A Funny Thing
By: Daniel E. Kramer
Love is a strange thing. It hits you, crushing every part of your being. We all experience its power. Sometimes we love without knowing, without regard to care, and without fear, yet we somehow do it with ambition and purpose. Sometimes we love another person without them ever even knowing it. You know those lovely infatuations of the mind. You and I both have the ability to create a love affair in the mind’s eye. Futures are built, sometimes entire worlds, entire lifetimes, are spent in the daydream of “what could be,” or “what could have been.”
We all know what I am talking about, the lost loves, the ones we knew but which are gone now, the ones that never were, the ones that never will be, and the kind that only live in the space between your ears. Do you ever wonder, think about another, and ponder if maybe by chance they too are thinking of you at that very same moment? Do you ever get lost in the thoughts of your friends, your family, your significant other? Do you ever let yourself get lost in the mind's image of something that could be, the daydreamer unleashed? Love drives you to think about old friends, lost loved ones, moments with them, and the feelings come up. They are always with you, just as a light gives off an invisible heat, so to do the memories of a mind. I wake to see these memories; mostly they are good, sad sometimes though too. It is funny how time changes events for a human’s mind.

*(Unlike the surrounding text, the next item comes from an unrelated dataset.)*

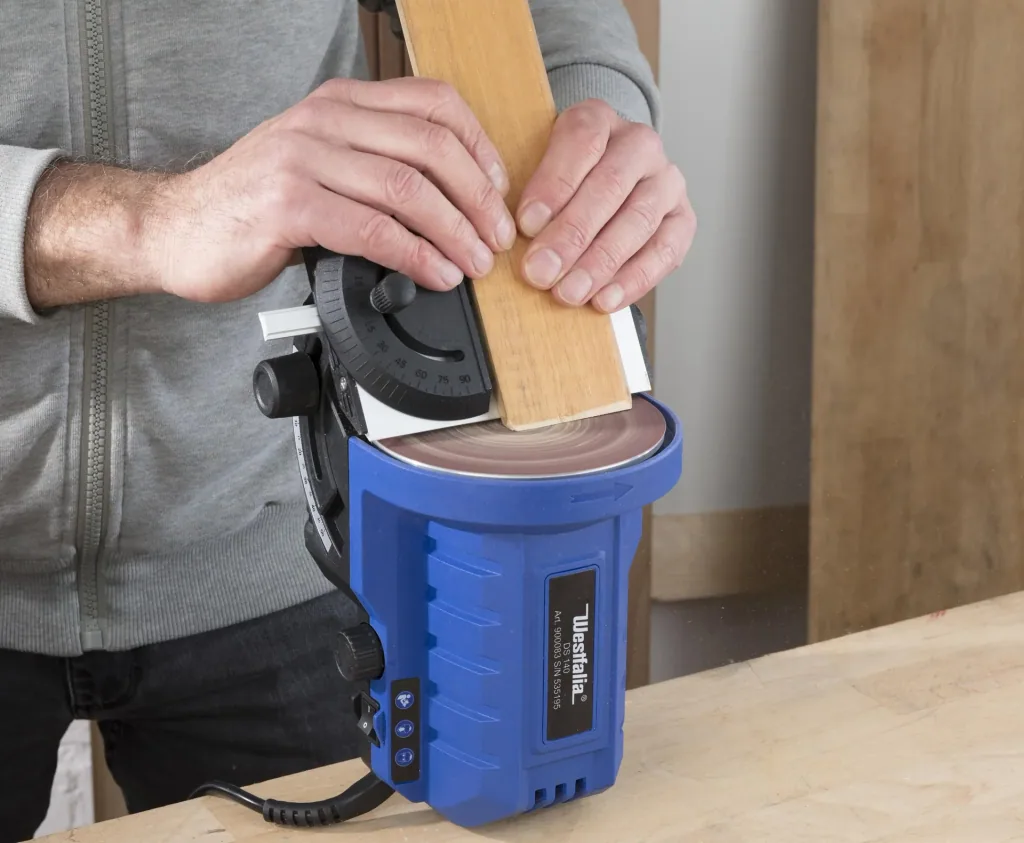 Tellerschleifer mit Gehrungswinkel, 140 Watt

I walked the stairs last night to see a small stain that has been left on the tile for over a year now. It was a mark left by my dog, the kind of accident where he got sick and did not make it outside in time. It remains now, as a living memory, at least the part that didn’t come out with the cleaning and scrubbing. At the time I was angry that it happened, and I remember as I cleaned it my inability to get it all off no matter how hard I scrubbed. For some reason it endured, for some reason, I could not wipe it into the oblivion of the past. It was a marker event, the moment that everything changed, the moment that marked the downfall of that poor little, sweet spirited dog. His kidneys had begun to fail, and that was the first sign, leading to the next two weeks of vet visits and slow goodbyes. Caught in his prime, lost unto a young death, we said goodbye to him. Time moves on though, and now when I see that spot, a smile emerges. I know now that I will never try again to get rid of that stain. It is a little piece of what was, still left for only me to remember, for only me to know where it is to see. Like I said love is a funny thing, and it makes us do strange things sometimes, like leaving a stain as a memory, like becoming a hoarder of the scraps of that which still remains.
Love always brings me back. Slowly it wears off, but then it rekindles when the fuel is supplied because of the thick bed of coals that is waiting just under the cooler crust. How thick though is your bed of coals? Are there ways to never forget, to keep the moment feeling like it is the first time? Just remember to remember this; that feelings won’t last forever so enjoy them now before it is too late. Sometimes things leave, and you never know what will come next. Sadness stays the spirit in times of love lost and things gone. When our loved ones are ripped away, recognize the love for what it is even with them now gone. Recognize that each day will bring uncertainty that is mixed with new love, new life, and new spirit. Bad things happen sometimes, and we mistake them as wrong or unfair, but often they are just the natural flows of an unknown and exotic terrain that we humans only barely understand how to navigate.
Mysterious beginnings await all of us. Just as they awaited my dying dog. Just as new love is scary, nerve racking, incredible, so too can be the end of life, the end of time or place, the end to a way of being. A rebirth is a form of newness, death too. They are both a form of change, and it is as certain as anything can be that it will come. Embrace it as the future path you never took, got the chance to see, the love that could have been turned into the love that still might be. What may come next is a question I hope you too get the chance to know and see. For certain, we all will be there soon together.
We the few, the lucky spirits that still live on to walk the earth and ponder. So impossible is any one of our existences, so impossible it is that of the trillions of possibilities I am me here today writing, and you are there today reading. Perfect in this moment our love of life leads us to go on looking into the past so that the future can know no bounds, hold no limit, and empower and free us by letting us all know that this too shall eventually pass. The good, the bad, the body the mind, the two halves that make us one loving whole. Just imagine, just daydream a little today about those loves yet to be had, those amazing new moments waiting for us all to find them. Just know that the saddest moments might bring us to something that we would never have thought possible.